At this point, I should add that our proprietary Alpha Signals is very bullish on the US broad market especially toward the second week of October.  The current oversold market has an overabundance of investor fear– and our signals suggest we should see the market show sort itself out and begin to move higher in the next couple of weeks. 
Clearly, mining stocks have been poor investments the last several years but fantastic trading vehicles due to their volatility. To take advantage of the ups and downs of the group, we regularly track the Direxion 3X Bull Gold Miners (NUGT*US) ETF in our Hedgehog Trader Newsletter. 
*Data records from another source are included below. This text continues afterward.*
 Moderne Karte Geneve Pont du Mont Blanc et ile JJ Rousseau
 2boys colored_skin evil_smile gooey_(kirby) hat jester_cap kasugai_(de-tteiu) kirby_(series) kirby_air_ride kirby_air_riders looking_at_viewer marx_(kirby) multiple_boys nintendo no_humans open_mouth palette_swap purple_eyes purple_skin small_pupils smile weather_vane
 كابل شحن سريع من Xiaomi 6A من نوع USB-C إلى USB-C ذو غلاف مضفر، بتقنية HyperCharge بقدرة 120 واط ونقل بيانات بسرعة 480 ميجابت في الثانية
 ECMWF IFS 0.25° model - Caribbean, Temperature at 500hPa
So what do we see now? On the positive side, the Market Vectors Gold Miners ETF (GDX*US) which tracks large cap producers is forming a base and has made multiple successful re-tests of its major support around $13. What's even more bullish is we've seen its MACD indicator rising steadily for 2 months as the ETF's price has consolidated sideways. This positive divergence is bullish for a major upturn within the next few weeks.
We think the time to scoop them up is approaching once again, though it is not here just yet.  
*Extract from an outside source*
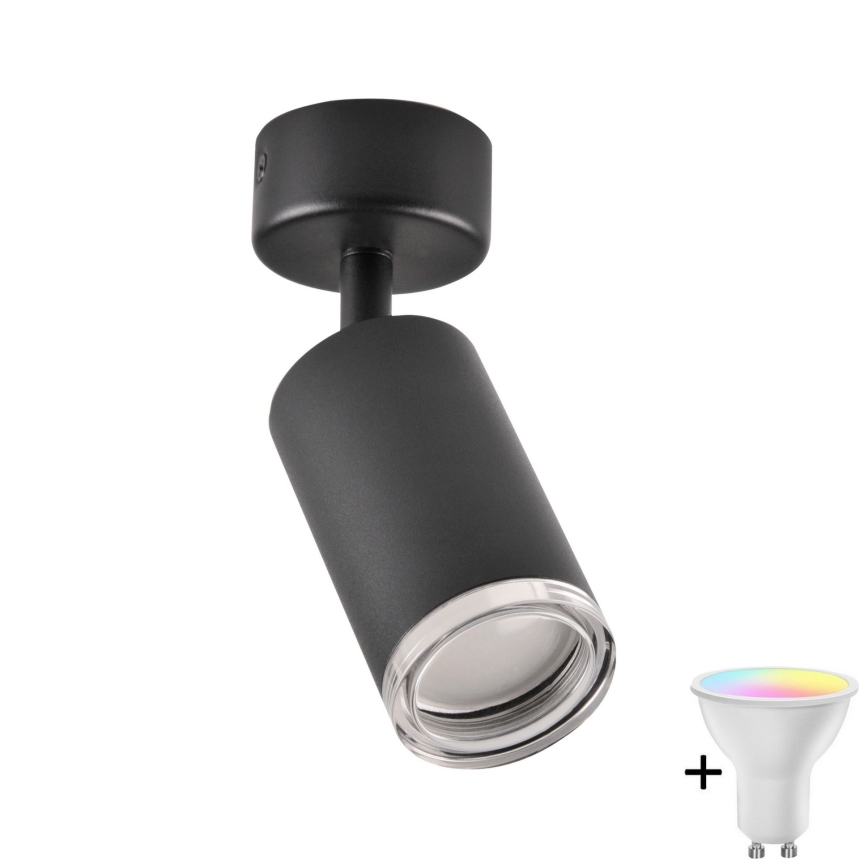 LED RGBW prigušiva kupatilska spot svetiljka TURYN 1xGU10/6,5W/230V 2700-6500K Wi-Fi IP44 crna
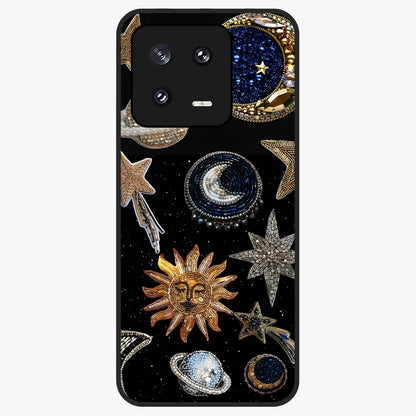 Celestial Gem Constellations Glass Case showing flat back view with sparkling constellation artwork and glossy glass finish.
To get a sustainable move higher, we'll need to see MACD turn up and break through the top of the green triangle where it is currently consolidating.
The chart of the yellow metal itself does not look at its best- its RSI and MACD are each capped by a declining trend-line, a negative divergence that needs to end soon. In addition, the $1100 level needs to hold and deliver more than an occasional pop to preserve the recent pattern of higher lows.  
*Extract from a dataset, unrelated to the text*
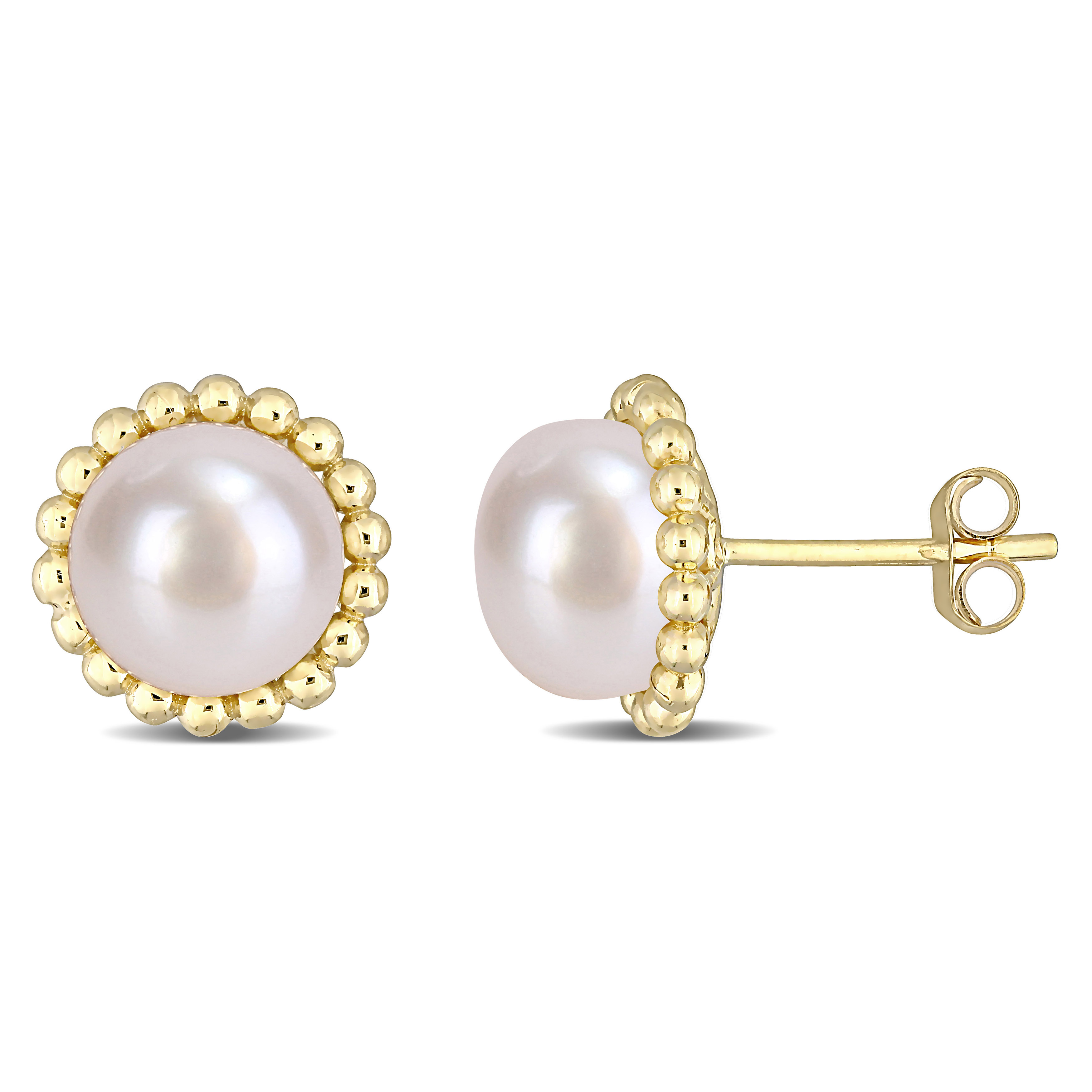 8-8.5  MM Cultured Freshwater White Pearl Beaded Stud Earrings in 10k Yellow Gold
Since the miners typically outperform the physical metals when a bull move is underway, it's a bit underwhelming right now that miners are not outperforming the physical metal.
At this point, it may also be useful to look at commodities as a group since they are showing some promise. Here we see the group needs to take a bold step higher to break their losing streak. If we look at the CRB Index, we can see it is close to retaking its 50 day moving average which is of utmost importance, but has not done so yet.
One miner with an enticing chart is Barrick Gold (ABX) whose insider buying we've written about previously. The stock has seen a couple of big 30-40 million share volume spikes on up-days in the past 2 weeks and it has a defined support line at $6 (good for a stop-loss), not far below its current $6.19 price. Its MACD has been rising as its price has been consolidating, which shows positive divergence.  Its share price is also bumping up against its 6 week downtrend line- where a further push higher would move it into breakout territory. Though we note RSI was rising but has tapered off recently.
A much smaller gold producer with an interesting recent corporate transaction is Timmins Gold (TMM). Timmins Gold recently struck a deal to purchase Goldcorp's El Sauzal processing plant which will allow them to save $40-60 million in start-up costs when they construct the Ana Paula project and reduce their required pre-production capital to $100 million. As a part of the deal, Goldcorp (G) is making a $6 million investment in Timmins Gold for 20 million shares at C$0.30 per share which also includes a warrant exercisable within 24 months to purchase a share at C$0.34 per share. As a result, Goldcorp will now be a 9.9% holder of Timmins Gold.
Timmins Gold is showing gradually rising relative strength, though a break above 50 is needed to display conviction. Shares have some resistance at 27 cents, its downtrend line and 50 day moving average. A break above 27 cents on high volume would be very bullish. Support lies at 24 cents.